*** Material for this task ***
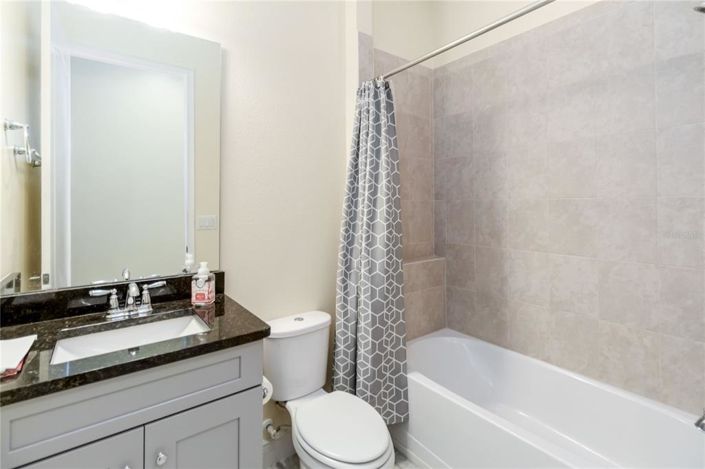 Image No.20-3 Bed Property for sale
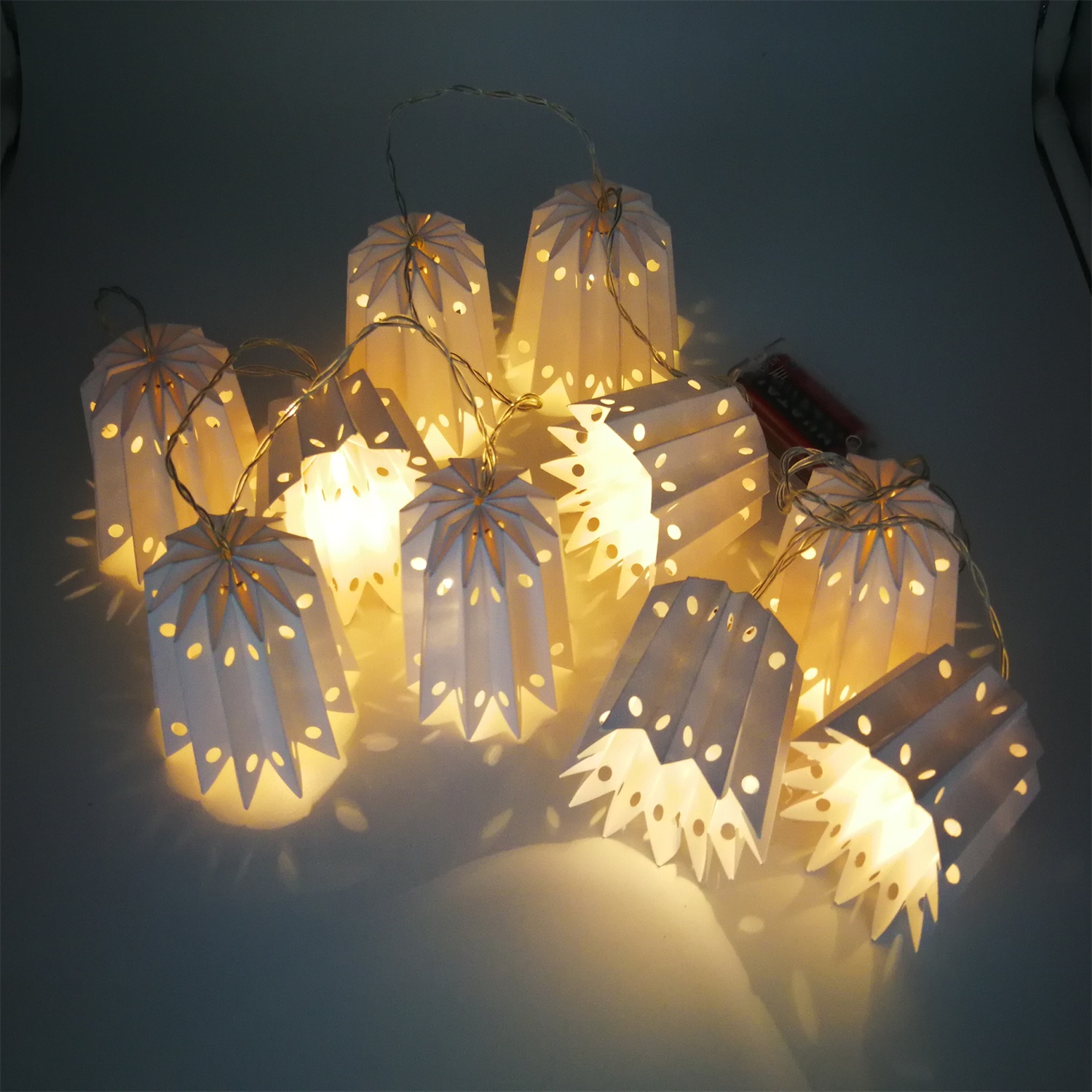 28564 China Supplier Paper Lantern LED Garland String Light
*** End of Material for this task ***
*** Material for this task ***
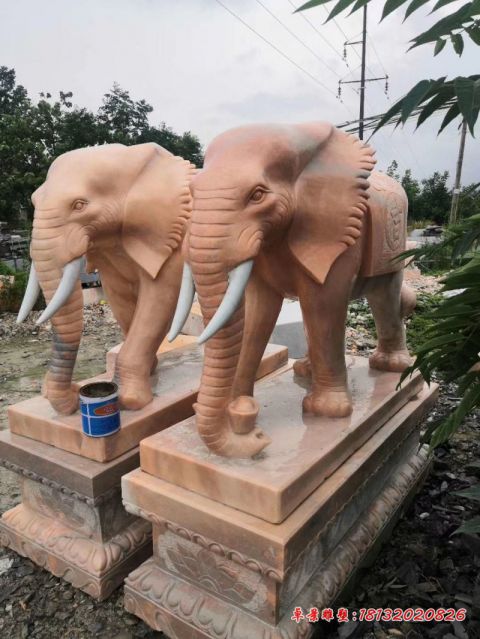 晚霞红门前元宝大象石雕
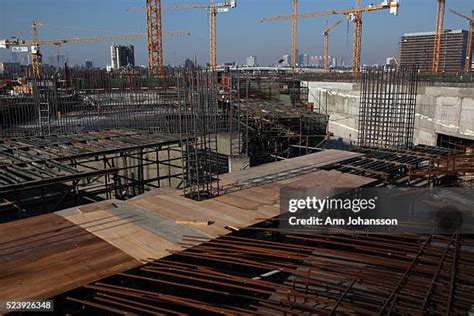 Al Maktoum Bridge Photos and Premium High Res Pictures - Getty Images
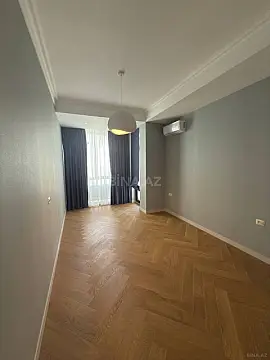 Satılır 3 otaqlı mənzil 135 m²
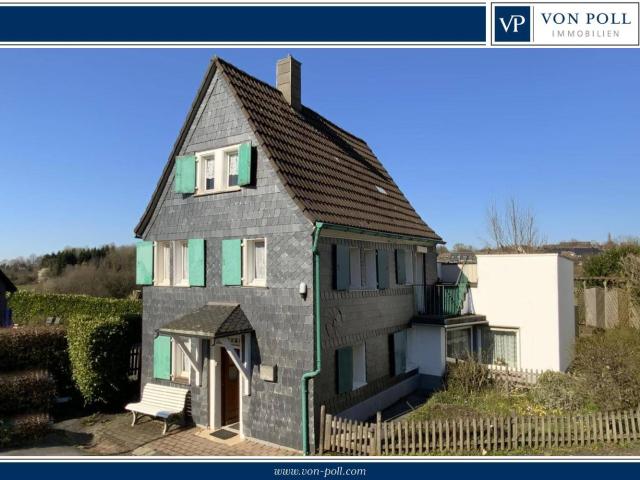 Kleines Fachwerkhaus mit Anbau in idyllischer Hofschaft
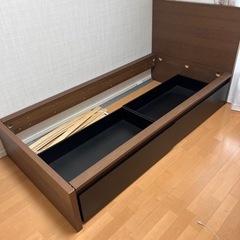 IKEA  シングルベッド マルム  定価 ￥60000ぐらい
*** End of Material for this task ***
*** Material for this task ***
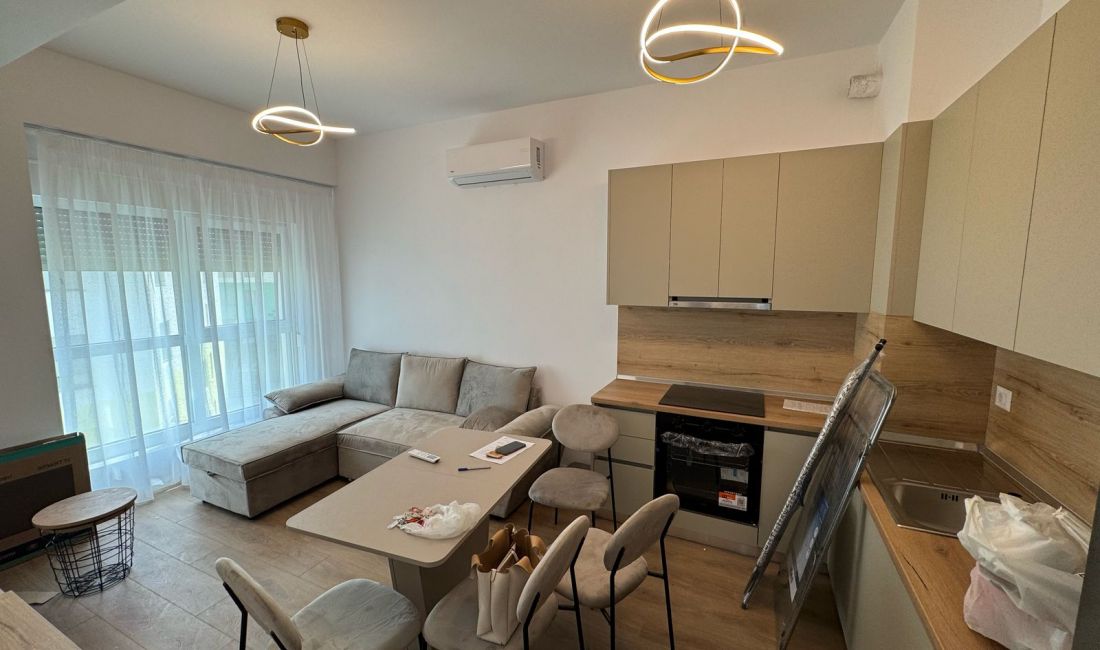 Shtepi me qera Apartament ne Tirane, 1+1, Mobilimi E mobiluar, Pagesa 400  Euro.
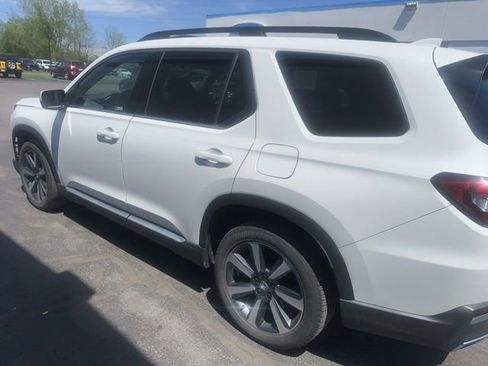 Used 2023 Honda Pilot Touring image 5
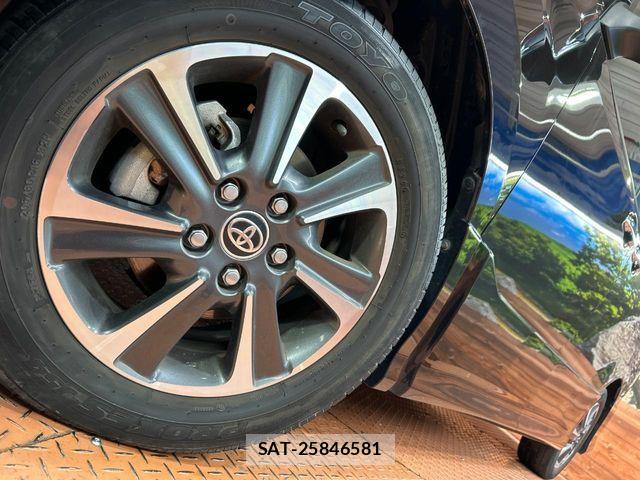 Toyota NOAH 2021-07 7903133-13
*** End of Material for this task ***
▸ **Instructions to follow**
Within the listing above, the stretch from the line with "Image No.20-3 Bed Property for sale" down to the line with "28564 China Supplier" is to be given again exactly, end lines included and pictures excluded.

▸ **Task answer**
 Image No.20-3 Bed Property for sale
 28564 China Supplier Paper Lantern LED Garland String Light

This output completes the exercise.